Mauritius Government Explains New Tax System

by Lorys Charalambous, Tax-News.com, Cyprus

01 October 2007

Promoting growth while striking a fair balance between efficiency and equity is the rationale behind the New Tax System in force in Mauritius for fiscal year 2007- 2008, according to Minister of Finance and Economic Development, Rama Sithanen.

Sithanen was speaking at a recent seminar to explain the government's comprehensive tax reforms, designed to "sensitise" stakeholders with regard to the current tax systems.

In examining options for reform while reducing government debt and deficit, Sithanen said that he had rejected measures that would have unfairly penalised low wage workers, such as an increase in VAT, and opted for "fairer and equitable measures".

Sithanen stressed that the new fiscal model ensures that social measures benefit the more needy, especially through the Empowerment Programme, social aid, and new social measures. On the other hand, the model also caters for growth, with its lower tax rates.

The Mauritius government has recently pushed through comprehensive income tax reform, designed to be increase the system's transparency.

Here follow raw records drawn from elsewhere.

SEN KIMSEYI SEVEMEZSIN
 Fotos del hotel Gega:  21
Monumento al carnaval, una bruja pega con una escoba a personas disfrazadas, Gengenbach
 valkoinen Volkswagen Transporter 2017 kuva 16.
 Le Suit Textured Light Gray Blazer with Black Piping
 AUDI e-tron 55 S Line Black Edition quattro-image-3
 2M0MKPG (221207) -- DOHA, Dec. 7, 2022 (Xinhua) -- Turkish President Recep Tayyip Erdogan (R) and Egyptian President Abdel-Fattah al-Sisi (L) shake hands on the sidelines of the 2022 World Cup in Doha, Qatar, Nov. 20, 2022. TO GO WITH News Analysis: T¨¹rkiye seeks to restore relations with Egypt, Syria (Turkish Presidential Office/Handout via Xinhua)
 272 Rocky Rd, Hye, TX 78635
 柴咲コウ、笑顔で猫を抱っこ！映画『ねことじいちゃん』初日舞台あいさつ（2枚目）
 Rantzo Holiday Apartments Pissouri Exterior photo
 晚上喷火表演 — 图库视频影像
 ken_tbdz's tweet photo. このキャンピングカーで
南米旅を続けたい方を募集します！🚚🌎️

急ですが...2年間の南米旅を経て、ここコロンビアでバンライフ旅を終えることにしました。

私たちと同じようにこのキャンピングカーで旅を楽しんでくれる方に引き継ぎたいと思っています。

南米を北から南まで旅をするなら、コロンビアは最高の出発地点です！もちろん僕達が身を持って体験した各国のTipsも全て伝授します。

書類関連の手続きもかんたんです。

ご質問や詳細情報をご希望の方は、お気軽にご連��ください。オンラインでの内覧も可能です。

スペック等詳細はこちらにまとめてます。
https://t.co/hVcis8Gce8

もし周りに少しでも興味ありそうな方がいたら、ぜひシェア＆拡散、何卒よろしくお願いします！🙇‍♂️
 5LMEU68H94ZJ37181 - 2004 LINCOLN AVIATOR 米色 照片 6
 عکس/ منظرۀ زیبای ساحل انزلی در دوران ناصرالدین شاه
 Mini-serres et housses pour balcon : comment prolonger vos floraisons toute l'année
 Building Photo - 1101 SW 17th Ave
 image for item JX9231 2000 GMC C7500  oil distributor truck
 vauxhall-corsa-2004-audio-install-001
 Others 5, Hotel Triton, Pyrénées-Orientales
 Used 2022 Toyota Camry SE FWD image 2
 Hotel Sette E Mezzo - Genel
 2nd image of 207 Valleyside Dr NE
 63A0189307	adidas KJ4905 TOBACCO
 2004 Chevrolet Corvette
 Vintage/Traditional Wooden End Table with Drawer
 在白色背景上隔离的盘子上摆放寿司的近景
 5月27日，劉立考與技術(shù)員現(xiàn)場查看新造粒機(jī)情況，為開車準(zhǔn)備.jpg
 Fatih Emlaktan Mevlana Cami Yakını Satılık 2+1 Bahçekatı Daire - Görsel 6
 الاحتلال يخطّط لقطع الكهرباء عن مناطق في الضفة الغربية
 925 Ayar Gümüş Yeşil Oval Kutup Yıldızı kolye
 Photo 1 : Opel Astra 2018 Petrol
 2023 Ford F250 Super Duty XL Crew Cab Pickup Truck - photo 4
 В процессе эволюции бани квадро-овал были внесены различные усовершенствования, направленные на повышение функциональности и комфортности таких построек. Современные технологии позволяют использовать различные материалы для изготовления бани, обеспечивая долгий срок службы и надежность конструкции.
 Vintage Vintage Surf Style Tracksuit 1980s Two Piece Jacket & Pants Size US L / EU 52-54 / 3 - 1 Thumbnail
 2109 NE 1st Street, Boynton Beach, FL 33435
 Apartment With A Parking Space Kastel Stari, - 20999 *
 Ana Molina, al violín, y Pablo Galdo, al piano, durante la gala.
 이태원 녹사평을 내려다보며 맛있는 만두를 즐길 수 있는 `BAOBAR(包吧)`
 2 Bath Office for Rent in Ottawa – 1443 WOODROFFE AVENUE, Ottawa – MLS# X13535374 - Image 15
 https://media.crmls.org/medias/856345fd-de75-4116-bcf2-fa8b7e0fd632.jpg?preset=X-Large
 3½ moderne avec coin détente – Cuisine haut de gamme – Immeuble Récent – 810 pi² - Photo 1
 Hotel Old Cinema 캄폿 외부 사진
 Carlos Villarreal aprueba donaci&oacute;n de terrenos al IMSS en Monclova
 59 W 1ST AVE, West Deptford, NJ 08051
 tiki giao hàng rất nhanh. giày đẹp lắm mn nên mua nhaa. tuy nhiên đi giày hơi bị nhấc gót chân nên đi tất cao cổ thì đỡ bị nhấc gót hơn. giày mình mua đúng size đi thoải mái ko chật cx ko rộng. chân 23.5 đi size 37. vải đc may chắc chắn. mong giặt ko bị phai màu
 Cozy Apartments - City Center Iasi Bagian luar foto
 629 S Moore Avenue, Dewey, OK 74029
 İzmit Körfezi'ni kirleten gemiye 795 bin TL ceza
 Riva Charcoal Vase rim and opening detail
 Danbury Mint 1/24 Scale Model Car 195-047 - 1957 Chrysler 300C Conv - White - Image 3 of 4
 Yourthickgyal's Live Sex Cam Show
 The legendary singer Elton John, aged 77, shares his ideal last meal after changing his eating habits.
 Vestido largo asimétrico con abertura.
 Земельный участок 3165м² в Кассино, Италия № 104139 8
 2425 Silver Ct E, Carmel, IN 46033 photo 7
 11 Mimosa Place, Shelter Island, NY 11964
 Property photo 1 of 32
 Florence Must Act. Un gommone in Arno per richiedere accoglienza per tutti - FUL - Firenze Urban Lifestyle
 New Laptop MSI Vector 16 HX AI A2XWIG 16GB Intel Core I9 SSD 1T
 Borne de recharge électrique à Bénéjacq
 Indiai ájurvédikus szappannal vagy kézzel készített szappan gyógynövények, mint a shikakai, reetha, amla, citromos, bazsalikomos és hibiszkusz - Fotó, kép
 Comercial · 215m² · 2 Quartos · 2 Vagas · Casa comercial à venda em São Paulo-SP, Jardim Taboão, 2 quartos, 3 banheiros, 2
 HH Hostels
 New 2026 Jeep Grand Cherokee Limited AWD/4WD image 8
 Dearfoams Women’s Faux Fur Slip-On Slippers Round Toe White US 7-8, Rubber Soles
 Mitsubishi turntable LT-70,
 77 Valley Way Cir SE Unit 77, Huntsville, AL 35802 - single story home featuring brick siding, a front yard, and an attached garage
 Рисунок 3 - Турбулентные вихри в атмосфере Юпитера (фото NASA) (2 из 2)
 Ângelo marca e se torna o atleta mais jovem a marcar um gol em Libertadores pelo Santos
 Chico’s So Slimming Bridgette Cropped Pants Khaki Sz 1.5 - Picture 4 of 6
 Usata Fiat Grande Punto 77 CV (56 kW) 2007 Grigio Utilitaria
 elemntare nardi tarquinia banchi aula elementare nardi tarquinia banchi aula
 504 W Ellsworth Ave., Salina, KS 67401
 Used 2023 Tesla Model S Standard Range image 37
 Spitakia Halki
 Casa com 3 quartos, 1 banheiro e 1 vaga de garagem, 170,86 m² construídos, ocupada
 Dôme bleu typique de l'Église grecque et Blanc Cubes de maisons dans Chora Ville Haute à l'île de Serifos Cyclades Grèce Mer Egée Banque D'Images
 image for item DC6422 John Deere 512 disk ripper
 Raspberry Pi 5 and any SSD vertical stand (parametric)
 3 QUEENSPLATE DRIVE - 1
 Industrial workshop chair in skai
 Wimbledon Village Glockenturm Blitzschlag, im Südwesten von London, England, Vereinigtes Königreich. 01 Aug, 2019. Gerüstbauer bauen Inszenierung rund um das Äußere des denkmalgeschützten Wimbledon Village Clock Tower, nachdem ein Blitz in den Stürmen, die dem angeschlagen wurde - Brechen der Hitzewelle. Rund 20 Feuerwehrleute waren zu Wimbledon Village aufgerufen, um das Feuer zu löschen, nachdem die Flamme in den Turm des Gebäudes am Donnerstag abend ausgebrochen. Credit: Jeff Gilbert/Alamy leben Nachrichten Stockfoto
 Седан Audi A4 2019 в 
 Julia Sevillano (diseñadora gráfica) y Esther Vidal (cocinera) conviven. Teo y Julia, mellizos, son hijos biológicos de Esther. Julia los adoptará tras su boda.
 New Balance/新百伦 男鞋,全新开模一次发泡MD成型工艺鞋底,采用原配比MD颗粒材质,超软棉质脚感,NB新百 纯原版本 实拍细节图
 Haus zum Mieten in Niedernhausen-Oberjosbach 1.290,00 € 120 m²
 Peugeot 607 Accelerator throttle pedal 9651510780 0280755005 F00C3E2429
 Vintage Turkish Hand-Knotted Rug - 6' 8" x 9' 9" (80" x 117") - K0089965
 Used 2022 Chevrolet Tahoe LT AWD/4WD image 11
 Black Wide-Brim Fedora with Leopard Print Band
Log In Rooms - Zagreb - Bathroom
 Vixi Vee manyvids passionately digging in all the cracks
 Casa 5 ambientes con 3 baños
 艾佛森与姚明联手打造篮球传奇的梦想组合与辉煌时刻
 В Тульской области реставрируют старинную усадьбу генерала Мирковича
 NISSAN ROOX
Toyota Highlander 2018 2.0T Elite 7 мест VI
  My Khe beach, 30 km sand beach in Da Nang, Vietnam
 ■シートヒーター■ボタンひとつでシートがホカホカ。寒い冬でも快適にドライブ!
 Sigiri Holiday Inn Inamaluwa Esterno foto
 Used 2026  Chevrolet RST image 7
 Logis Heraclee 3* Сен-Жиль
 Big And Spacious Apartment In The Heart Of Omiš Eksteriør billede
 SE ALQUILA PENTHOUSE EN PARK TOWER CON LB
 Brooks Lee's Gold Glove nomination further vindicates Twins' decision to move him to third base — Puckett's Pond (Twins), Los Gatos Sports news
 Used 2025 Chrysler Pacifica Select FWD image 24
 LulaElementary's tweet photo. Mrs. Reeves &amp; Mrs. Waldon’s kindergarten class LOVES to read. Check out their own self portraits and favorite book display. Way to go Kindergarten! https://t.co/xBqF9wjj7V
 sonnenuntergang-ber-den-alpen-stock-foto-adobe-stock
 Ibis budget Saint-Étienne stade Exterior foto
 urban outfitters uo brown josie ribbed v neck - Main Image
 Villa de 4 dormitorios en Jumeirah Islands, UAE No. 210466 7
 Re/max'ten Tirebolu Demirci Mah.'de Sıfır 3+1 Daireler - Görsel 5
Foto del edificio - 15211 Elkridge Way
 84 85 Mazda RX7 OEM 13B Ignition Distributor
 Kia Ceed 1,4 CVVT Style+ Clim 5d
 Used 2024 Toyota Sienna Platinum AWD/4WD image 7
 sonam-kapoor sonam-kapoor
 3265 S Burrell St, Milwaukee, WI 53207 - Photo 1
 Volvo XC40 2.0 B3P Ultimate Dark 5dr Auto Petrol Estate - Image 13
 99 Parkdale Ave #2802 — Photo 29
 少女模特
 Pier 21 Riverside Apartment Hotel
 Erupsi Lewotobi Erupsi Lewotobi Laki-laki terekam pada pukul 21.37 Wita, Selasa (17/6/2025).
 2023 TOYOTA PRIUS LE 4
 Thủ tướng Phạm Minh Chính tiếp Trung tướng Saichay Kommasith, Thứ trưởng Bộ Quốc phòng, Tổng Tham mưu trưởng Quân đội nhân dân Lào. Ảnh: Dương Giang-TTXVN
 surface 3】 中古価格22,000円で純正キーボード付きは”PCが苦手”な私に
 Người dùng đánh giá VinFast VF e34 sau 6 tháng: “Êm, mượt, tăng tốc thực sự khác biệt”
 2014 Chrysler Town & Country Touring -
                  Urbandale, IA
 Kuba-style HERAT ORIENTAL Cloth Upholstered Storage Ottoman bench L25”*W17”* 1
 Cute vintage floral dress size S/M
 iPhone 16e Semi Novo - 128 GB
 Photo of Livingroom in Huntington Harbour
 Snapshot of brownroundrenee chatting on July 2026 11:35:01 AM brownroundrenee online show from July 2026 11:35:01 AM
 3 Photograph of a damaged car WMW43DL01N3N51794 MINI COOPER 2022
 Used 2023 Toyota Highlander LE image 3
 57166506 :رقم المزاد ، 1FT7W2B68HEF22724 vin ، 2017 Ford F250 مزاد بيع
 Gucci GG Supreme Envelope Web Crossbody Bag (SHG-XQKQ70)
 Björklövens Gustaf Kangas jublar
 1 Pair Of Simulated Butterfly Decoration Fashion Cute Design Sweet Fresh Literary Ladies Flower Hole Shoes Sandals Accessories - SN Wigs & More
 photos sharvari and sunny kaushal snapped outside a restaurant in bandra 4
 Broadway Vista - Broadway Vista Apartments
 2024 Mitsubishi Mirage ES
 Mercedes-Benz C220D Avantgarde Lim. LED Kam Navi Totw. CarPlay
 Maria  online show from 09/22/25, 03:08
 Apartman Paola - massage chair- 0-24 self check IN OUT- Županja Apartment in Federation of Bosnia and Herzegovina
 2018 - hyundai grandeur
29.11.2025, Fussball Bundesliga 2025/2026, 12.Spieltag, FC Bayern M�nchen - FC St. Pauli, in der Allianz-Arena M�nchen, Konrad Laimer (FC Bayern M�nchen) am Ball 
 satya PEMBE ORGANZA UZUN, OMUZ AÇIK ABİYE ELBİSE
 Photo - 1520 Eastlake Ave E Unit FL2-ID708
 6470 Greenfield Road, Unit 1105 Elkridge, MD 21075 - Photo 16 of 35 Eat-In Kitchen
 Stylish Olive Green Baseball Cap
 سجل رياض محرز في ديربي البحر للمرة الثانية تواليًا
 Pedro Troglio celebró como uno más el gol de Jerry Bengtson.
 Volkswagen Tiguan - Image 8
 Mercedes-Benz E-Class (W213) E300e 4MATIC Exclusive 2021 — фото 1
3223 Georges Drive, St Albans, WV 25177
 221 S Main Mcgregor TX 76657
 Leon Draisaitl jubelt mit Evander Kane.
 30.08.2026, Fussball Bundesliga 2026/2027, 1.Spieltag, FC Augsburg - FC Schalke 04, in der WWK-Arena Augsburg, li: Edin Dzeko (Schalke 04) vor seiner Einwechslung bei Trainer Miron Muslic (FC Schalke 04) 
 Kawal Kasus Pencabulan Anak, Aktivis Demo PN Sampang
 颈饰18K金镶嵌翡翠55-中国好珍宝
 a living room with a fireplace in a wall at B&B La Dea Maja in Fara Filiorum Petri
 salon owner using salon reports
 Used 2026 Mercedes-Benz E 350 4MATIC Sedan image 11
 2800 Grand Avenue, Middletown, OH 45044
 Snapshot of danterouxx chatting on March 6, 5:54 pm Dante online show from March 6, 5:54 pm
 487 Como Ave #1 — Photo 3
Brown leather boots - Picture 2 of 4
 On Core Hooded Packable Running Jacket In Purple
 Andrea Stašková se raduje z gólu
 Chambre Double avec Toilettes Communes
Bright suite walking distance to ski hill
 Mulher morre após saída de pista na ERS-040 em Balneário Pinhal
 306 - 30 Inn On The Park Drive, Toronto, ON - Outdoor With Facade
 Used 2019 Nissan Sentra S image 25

In the 2007 budget, announced in June, Sithanen told Parliament that a 15% flat corporate income tax would be introduced, as the government strives to create conditions for "robust, sustained and inclusive growth" whilst opening the economy, facilitating business, and accelerating the transition to global competitiveness. This measure, which also applies to personal income, was brought forward by two years to July 1, 2007, after the government decided to abandon initial proposals to phase in the corporate tax cut to 20% from 22.5% this year, and finally to 15% in 2009.

In a bid to simplify the tax system, many exemptions have been overhauled, and the numerous deductions in the old tax system have been consolidated into new income exemption thresholds, with the number of tax bands reduced to just two.